|Left to right: Clerk of the Court candidate Bettina Lawton, Board of Supervisors chair Sharon Bulova, and Sheriff Stacey Kincaid.|
The county budget, Interstate 66 tolls, and police reforms are among the top issues in the election for chair of the Fairfax County Board of Supervisors.
The Democratic incumbent, Sharon Bulova, told the Annandale blogger it’s important to “make sure taxes are affordable while continuing to provide services.”
Bulova, who’s served as board chair since 2009, has minimal opposition. Running against her are a Republican candidate, Arthur Purves, president of the Fairfax County Taxpayers Alliance, and Gail Parker of the Independent Green Party.
The Board of Supervisors is facing increased pressure to raise revenue or cut spending. The county’s economy has yet to fully recover from the recession. Office vacancy rates remain high, while there is growing pressure to increase the county’s share of the budget that goes to public schools.
Regarding a state proposal to reduce congestion on I-66 by imposing tolls, Bulova said, “we need some improvements on I-66, but not $17 tolls.” Widening the highway inside the beltway isn’t feasible, she said.
The Republicans have mounted a last-ditch effort to discredit Democrats by claiming they support tolls for all I-66 drivers that would amount to $17 a day.
In fact, the only ones who would pay a toll would be solo rush-hour drivers inside the beltway during peak times. Drivers with multiple passengers would be exempt. The toll prices would depend on traffic volume, as they are now for the express lanes on the beltway.
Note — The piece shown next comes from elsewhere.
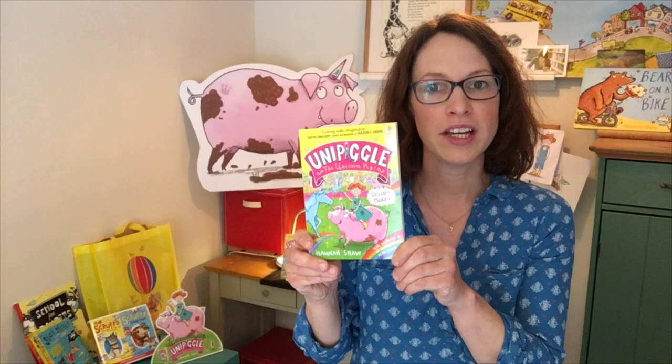Hello everyone, I'm Hannah Shaw and I'm an author and an illustrator. I make picture books and chapter books.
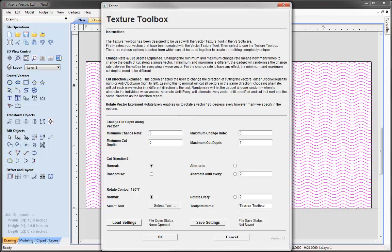To give a quick overview of the Texture Toolbox: the first options are the change rate — you've got the minimum change rate and the maximum change rate. Then you've got the ability to add the minimum cut depth and maximum cut depth. Underneath that we've got the ability to change the cut direction: normal means all going the same way, either left to right or right to left. Then there's a button to alternate them, going left-right, right-left. We can randomize the cut direction, and there's an option to alternate until a specified number. The last option is the ability to rotate our contour 180 degrees. With normal they'll be exactly as highlighted, or we can rotate every other vector — whatever number we specify is how long before we rotate a vector 180 degrees. With option 2 we would be rotating every other one.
Solo drivers have never been permitted on I-66 inside the beltway during rush hour. Those who violate that ban face fines starting at $25 and rising to $1,000 for the fourth fine in five years.
Bulova lauded the final report of the Ad Hoc Police Practices Review Commission released last month, which proposes dozens of recommendations to improve accountability and transparency and temper the use of force within the Fairfax County Police Department. Bulova had formed the commission last March.
The BoS had been criticized for waiting over a year before addressing fatal shooting of an armed citizen, John Geer by police officer Adam Torres in 2013 – and refusing to require the FCPD to publicly identify the officer.
That incident showed “the board’s policies and practices no longer serve us well,” Bulova said.
The police chief’s policy called for the names of officers involved in shooting incidents to be withheld until the commonwealth attorney decides to indict the officer, she said. “That’s old fashioned in this day and age when people expect to have information immediately.” Then when federal investigators stepped in, the board was concerned that releasing information would interfere with that investigation.
Bulova said she supports the concept of body cameras, another recommendation in the report, but said a number of complex issues need to be worked out, including protecting the privacy of those not charged. People who call 911, for example, might not want to be recorded.
She supports a more compassionate approach to dealing with the mentally ill, as epitomized by the county’s new Diversion First program, which directs people who break the law when mentally ill to treatment programs rather than tossing them into the criminal justice system.
Mental health reform is the top issue for Kincaid, who was elected sheriff in a special election two years ago. Her Republican opponent then, Bryan Wolfe, is running now, as well.
Kincaid said the Diversion First initiative, which takes effect Jan. 1, would prevent tragedies like what happened with Natasha McKenna, an inmate who died in the Adult Detention Center while being repeatedly subjected to tasers during a psychotic episode.
“She should not have been in jail,” Kincaid said. “It’s unacceptable to bring people with mental breakdowns to the jail for treatment,” when they should instead be directed to programs provided by the Community Services Board. More than 40 percent of the 1,130 inmates in the jail are mentally ill or have substance abuse issues.
The sheriff’s office “has to become more transparent to earn back the trust we have lost,” Kincaid said.
Some changes have already been made, she said. In the past, inmates who completed their time in jail were released at midnight, when there is no transportation, no services available, and for many, nowhere to go. Now, they’re released in the morning.
In other improvements, women with mental illness have been moved to an area in the jail with larger rooms closer to therapeutic services, inmates now have 24/7 access to tele-psychiatric services, and staff is receiving training in effective crisis intervention.
Bettina Lawton, who is running for clerk of the court against the Republican incumbent John Frey, wants to make court services more accessible to the public.
Currently, the court is only open on weekdays, 8 a.m.-4 p.m., for marriage licenses, name changes, land records, and other services. Lawton would expand the hours to evenings and Saturdays. She would also improve online services and suggests bringing court services to remote locations periodically, such as DMVs.